Robin Zinkmann sagte nach dem Zieldurchgang: “Wir sind megahappy. Dass es mit dem Rekord nichts wird, hatten wir zu Beginn schon vermutet. Die 13 Stunden Kreuz von Hanstholm bis Skagen haben nicht geholfen. Aber bei idealem Wetter wäre das Boot auf jeden Fall dazu in der Lage, den Rekord zu brechen. Als ‘Outsider’ war sie ja mit Tilmar Hansen, Bo Teichmann und ihrer Crew auch schon einmal dicht dran.”

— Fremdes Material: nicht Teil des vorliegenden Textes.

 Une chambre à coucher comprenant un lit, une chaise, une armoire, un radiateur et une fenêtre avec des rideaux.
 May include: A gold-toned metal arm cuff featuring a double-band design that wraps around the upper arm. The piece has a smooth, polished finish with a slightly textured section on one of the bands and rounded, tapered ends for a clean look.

Im Feld der Verfolger rangen am Mittwochnachmittag die kleineren ORC-B-Boote in der Gesamtwertung nach berechneter Zeit darum, den von den großen ORC-A-Booten errungenen Vorsprung auf ihrem schnellen Ostsee-Abschnitt wieder aufzuholen. Sie taten es in anderen Bedingungen, als sie die vor ihnen durchgekommenen großen Yachten erlebt haben. So hat die im Kampf um den Skagen-Preis co-favorisierte JPK 10.30 “Hinden” die Skagen-Tonne gegen 12 Uhr passiert. Skipper Jonas Hallberg hatte am Mittwochmittag berichtet: “Wir sind seit einer guten Stunde um die Skagen-Tonne rum. Das hat alles noch ganz gut geklappt. Dann hatten wir einen relativ schnellen Ritt mit dem A4, haben dann auf den A2 gewechselt. Die Stimmung ist weiterhin super. Knackpunkt wird die Flaute vor Kiel sein. Wie schnell wir es schaffen, noch nach Süden zu kommen, um möglichst wenig davon betroffen zu sein.”
Um ‘Rafale’ zu schlagen, dürfen wir nicht so lange in der Flaute hängen bleiben, müssen schneller sein, als wir sollten. Wir versuchen das” (Jonas Hallberg)
Jonas Hallberg wusste schon am Mittag: “’Rafale’ hatte richtig guten Wind. Um die zu schlagen, dürfen wir nicht so in der Flaute hängen bleiben, müssen schneller sein, als wir sollten. Wir versuchen das. Es liegt nicht ganz in unserer Hand, ist total vom Wetter abhängig. Nach hinten müssen wir auch schauen. Wenn wir in der Flaute hängen bleiben, kann es immer auch sein, dass die von hinten ranfahren. Aber das wollen wir mal nicht hoffen.”
Am späten Mittwochnachmittag hatte die JPK 10.30 “Hinden” bei “Rafales” Zieldurchgang in der Hochrechnung der berechneten Zeiten rund fünfeinhalb Stunden Rückstand auf das First ship home angesammelt. “Hinden” knapp im Heck, machte Dirk Clasens Crew auf der Humphreys 39 “Ginkgo” Druck im Kampf um den Skagen-Preis für das beste Boot nach berechneter Zeit. Es bleibt spannend, was die Verfolger im Pantaenius Rund Skagen bis zu ihrem Zieldurchgang am Donnerstag noch aufholen können. Dann entscheidet sich auch der Kampf um die Titel und Podestplätze der IDM Seesegeln Offshore, die ihren Gipfelsturm mit dem Pantaenius Rund Skagen erlebt.